With my ‘Aussie’ video I decided to do a half-half approach. i.e. use the first half of the video to explain my project in a straight-forward way, and then use the second half of the video to repeat this information in a humorous way.

Instead of Jekyll & Hyde, I used the Stuart & Macca approach.

Stuart McMillen wearing a hoodie during the first half of the shoot for his 2016 MATCH crowdfunding video on Red Hill, Canberra.Stuart McMillen as Macca with Akubra hat and khaki shirt during Aussie crowdfunding video

Planning the crowdfunding video

The MATCH project was heavily funded by the Australian government, with the crowdfunding donations being tax-deductible for Australian donors. So, I decided to emphasise the ‘Aussie’ aspect of myself.

The Aussie stereotype is in the Steve Irwin / Russell Coight model. A larrikin who wears Akubra hats and khaki shirts, swears often, and drinks beer. This is an image that seems exotic to foreigners, and that Australians also generally get a chuckle out of those who play to this stereotype.
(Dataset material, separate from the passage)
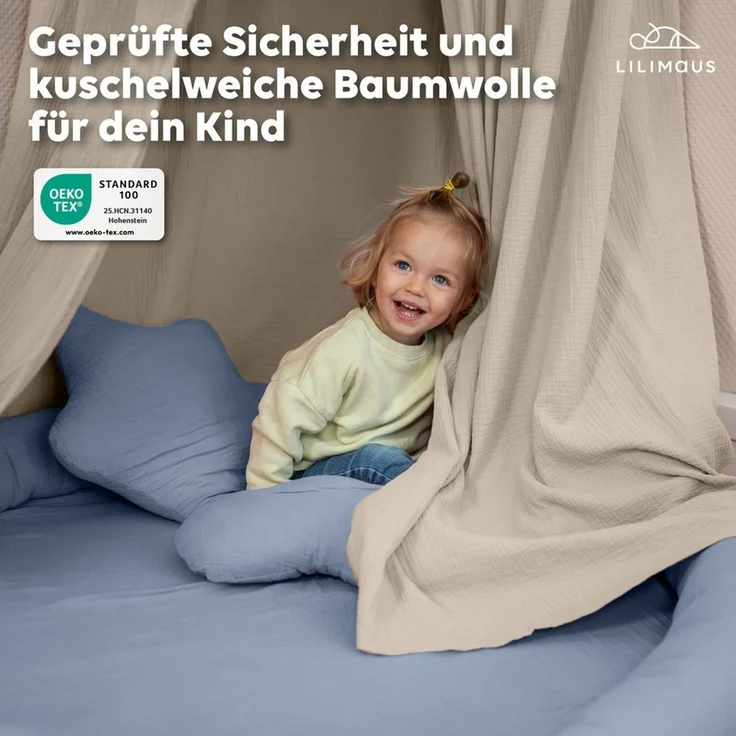 lilimaus Dekokissen Kuschelkissen Herz & Stern aus Musselin fürs Kinderzimmer, Kuschelkissen mit oder ohne Flatter - passend zu unserer Bettwäsche – Bild 3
I wrote a script that incorporated as many Aussie slang terms as I could think of. “Cobbers”, “seppos”, “the blower”, “Sheila”, “stump up”, “double-bunger”, “fair dinkum”, “hooroo”. You name it. I also thought it would be funny to use the slang expressions for the different Australian currency notes: Galah ($5), Blue-tongue ($10), and Mud Crab ($20). These names come from the respective colours of the notes and how they match the colours of Australian wildlife, and I wish that these nicknames were used more widely.

Holding an Australian $5 note - a Galah. Aussie nickname for Australian currency money because of the pink colour.Holding an Australian $10 note - a Blue-tongue. Aussie nickname for Australian currency money because of the blue colour.Holding an Australian $20 note - a Mud Crab. Aussie nickname for Australian currency money because of the red colour.

Shooting the video

I did the video shoot alone, and there were a lot of variables to consider. An important aspect was finding a spot with kangaroos that could serve as the backdrop. Luckily, I live in Canberra and kangaroos are a-plenty.
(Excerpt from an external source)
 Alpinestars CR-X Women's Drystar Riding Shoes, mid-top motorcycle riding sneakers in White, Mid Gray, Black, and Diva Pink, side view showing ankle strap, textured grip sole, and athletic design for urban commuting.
Normally I would have shot at nearby Weston Park, which has one of the most reliable kangaroo populations in the Australian Capital Territory (ACT). But the ACT government had recently begun a fertility study into this population of kangaroo, which resulted in many of the kangaroos being fitted with weird-looking tracking collars. This would have distracted from the shot, so I instead decided to shoot at Red Hill.

I trapsed over Red Hill with my camera gear, searching for kangaroos – a task that took longer than usual. But before long I found a small mob that I hoped would stay still for 10 minutes of filming. It was a windless afternoon, with lovely golden lighting from the afternoon sun, which I emphasised with my gold reflector (see the photo below).
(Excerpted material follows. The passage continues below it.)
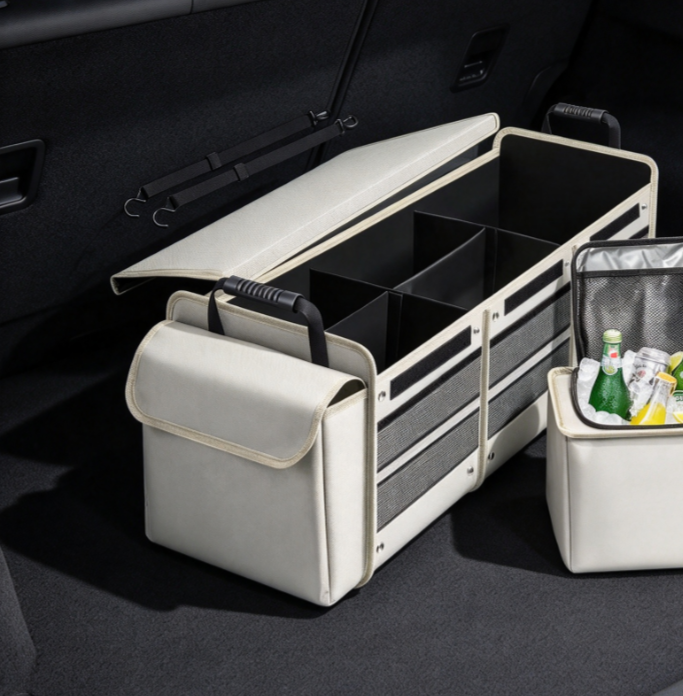 Car Trunk Storage Organizer with Insulated Cooler Bag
I was determined to do a single-take shoot, and had already memorised my script after hours speaking the lines from the top of my head.

But there were lots of props to get in place for the shoot. Akubra hat? Check! Shaken-up beer can? Check! Is the audio running? Check! Is the camera in focus? Check!

It was important to make sure my Aussie currency was within easy grasp, so I pegged them to my shorts.

Money pegged to shorts during Stuart McMillen's Aussie crowdfunding video shoot

See also my beer can and photographic reflector in this ‘behind-the-scenes’ shot! Also, it was such a rarity to have $100 notes in my possession, as they are rarely-sighted in the wild.

Because I had practised speaking the lines so comprehensively, the shoot was a one-take wonder. My only regret: I had planned to swear “c–t” an extra time for emphasis. Alas!

Luckily the kangaroos stayed in shot until it became time for me to scare them away at the end.

Conclusion

The video was intended to be humorous and over-the-top. But, in a case of not knowing where the fiction ends, and the “reality” begins, I now often find myself wearing this exaggerated ‘Aussie’ gear in my day-to-day life!

The video received rave reviews from most people who saw it, and I’m sure it contributed to my crowdfunding campaign successfully reaching the $10,000 target. After a touch-and-go final day glued to my desk, I reached the target with just 70 minutes before the midnight deadline!